Quant aux implications politiques, elles se résumeront à une perte des droits civiques rendant Aziz inéligible jusqu’à ce qu’il atteigne ses 75 ans.  

 

 Pour certains observateurs, en favorisant la tenue du procès de l’ancien président, le pouvoir actuel soignerait en quelque sorte  son image auprès de l’opinion et des partenaires techniques et financiers. Partagez-vous cet avis ? Mais en même temps, avec le timing, ce procès ne risque-t-il pas de polluer l’atmosphère politique et les prochaines élections locales ?

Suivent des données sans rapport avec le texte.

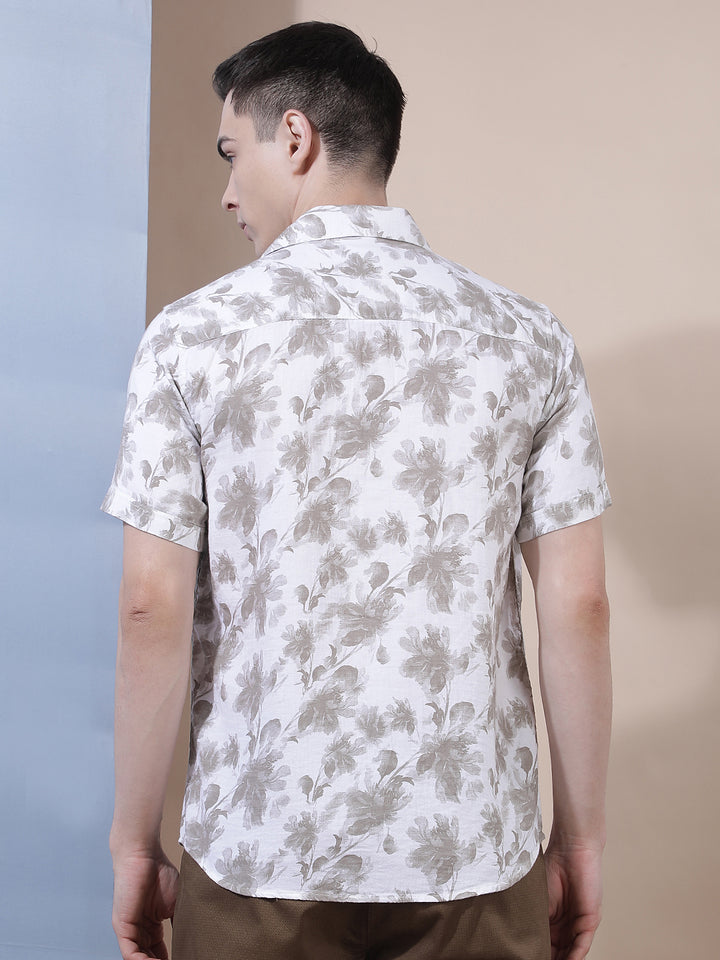 Beige 100% Cotton Floral Printed Shirt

Le régime actuel qui n’est, à mes yeux, que le prolongement naturel du régime de Aziz a perdu plus que Aziz lui-même ne risque de perdre. Il a perdu toute fiabilité si tant qu’il en ait eu un jour. Il a perdu son pari de mettre en place une vraie justice. Et ce auprès des mauritaniens comme auprès de ses partenaires techniques et financiers. Il a échoué lamentablement à mettre en œuvre ne serait-ce que le 1/10ème de ses promesses électorales de 2019. Et ce, à la fois, sur les plans économique, social. Politiquement, il a certes muselé une opposition qui partageait visiblement avec lui un objectif : avoir la tête de Aziz. 

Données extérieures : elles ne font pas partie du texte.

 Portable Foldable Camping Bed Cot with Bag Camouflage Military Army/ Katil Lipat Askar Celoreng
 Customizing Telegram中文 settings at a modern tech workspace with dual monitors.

Concernant, le lien entre le timing et les prochaines élections municipales, législatives et régionales, ce « procès » sera certes l’une des thématiques abordées médiatiquement mais aucun candidat n’aurait le courage d’en parler publiquement à l’exception peut-être de Birame ou de ceux du parti de Saad Ould Louleid si d’ici-là il soutient encore l’ancien Raïs. L’atmosphère de la campagne sera la même qu’avant : des candidats qui n’ont aucun programme ni vision et des soutiens assis sous des tentes qui n’ont rien à faire de la Mauritanie ; ils sont là à cause d’un lien de parenté ou d’intérêt avec le candidat. Ce sera également -et comme toujours- une occasion pour les jeunes filles de chercher des maris et pour les jeunes de s’amuser et de rester tard dans les rues. 

Ce « procès » par contre aura des retombées sur les futures élections présidentielles qui se dérouleront en moins de 18 mois. Il pourrait même en devenir le sujet central.